De factoren die het lichteffect beïnvloeden, komen neer op niet meer dan deze: verlichtingssterkte, helderheid, kleurweergave en verblinding. deze factoren zijn de sleutel tot het hoogwaardige lichteffect. Een redelijk verlichtingsniveau, binnen een bepaald bereik van verlichtingstoename, kan de visuele functie verbeteren.
Bij het bepalen van de omvang van de verlichting die nodig is voor de verlichte omgeving, moet rekening worden gehouden met de grootte van het waargenomen object en de mate van contrast met de achtergrondhelderheid om te voldoen aan de basisvereisten voor het garanderen van het zicht met een uniforme en redelijke verlichting. Voor binnenverlichting is het niet zo dat de verlichtingssterkte zelfs beter is; de juiste verandering van de verlichtingssterkte kan een actieve binnenatmosfeer zijn en de esthetische smaak van de persoon verbeteren.
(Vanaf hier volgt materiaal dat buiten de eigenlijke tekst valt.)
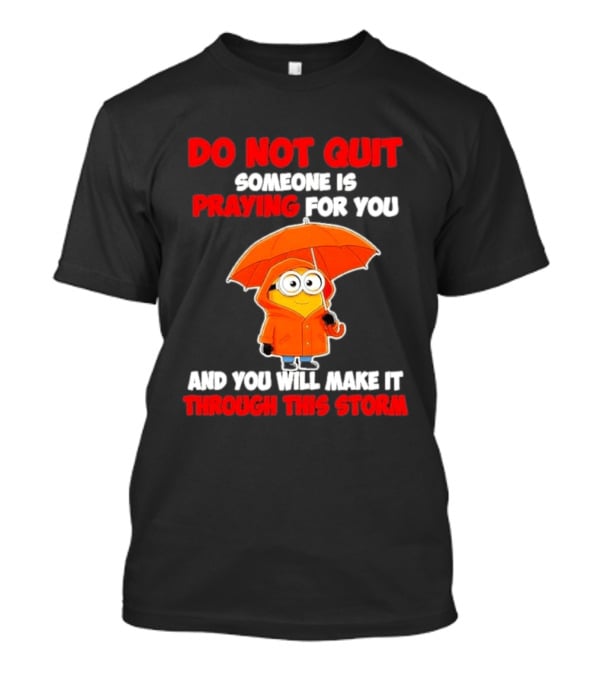 Minion Do Not Quit Someone Is Praying For You And You Will Make It Through This Storm T-Shirt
Over het ontwerp van de binnenverlichtingsverhouding:
De gelijkmatigheid van binnenverlichting heeft betrekking op de verhouding tussen de minimale verlichtingsgraad en de gemiddelde verlichtingsgraad, die doorgaans niet minder dan 0,7 bedraagt. De verlichting van het niet-werkgebied mag niet minder zijn dan 1/3 van de verlichting van het werkgebied. De gemiddelde verlichtingswaarden van aangrenzende ruimtes kunnen niet meer dan 5 keer verschillen
Wetenschappelijke helderheidsverdeling
Helderheid verwijst naar de luminescentie-intensiteit in het geprojecteerde gebied van de gezichtslijn, in cd / ㎡. Het vertegenwoordigt de intuïtieve visuele perceptie van de helderheid van een object. De helderheidsverdeling van binnenverlichting wordt bepaald door de lichtverdeling en de oppervlaktereflectieverhouding.
Bij het ontwerp van de binnenverlichting moet erop worden gelet dat de juiste helderheidsverdeling wordt gewaarborgd. Over het algemeen kan een verdeling die te veel varieert in helderheid het gezichtsvermogen van mensen beschadigen, waardoor ongemakkelijke verblinding ontstaat.
Over het algemeen accepteren de ogen zes niveaus van helderheidsverdeling:
Maar op dezelfde plek kunnen de ogen van mensen niet drie niveaus bestrijken. Er zijn twee verschillende fotoreceptorsystemen in het menselijk netvlies, namelijk helder zicht en donker zicht.
Het oog voor de helderheidsverandering van de buitenwereld verandert, kan de oogkegelcellen en kolomvormige cellen goed aanpassen, om een goed gevoel te hebben, dit fenomeen wordt "helderheidsaanpassing" genoemd.
Bij het verlichtingsontwerp moeten we ook letten op de impact van licht en schaduw, zoals de hotelgang, een verbinding met de doorgang van de lobby en de gastenkamers, moet er zacht, weinig verlicht licht zijn, zodat gasten zijn klaar voor visuele overgang.
Bij het ontwerp van commerciële winkels moeten we er ook op letten dat alle binnenlampen overdag moeten branden, zowel om het aquariumeffect te voorkomen als om de gasten goed aan te passen aan de licht- en schaduwomgeving.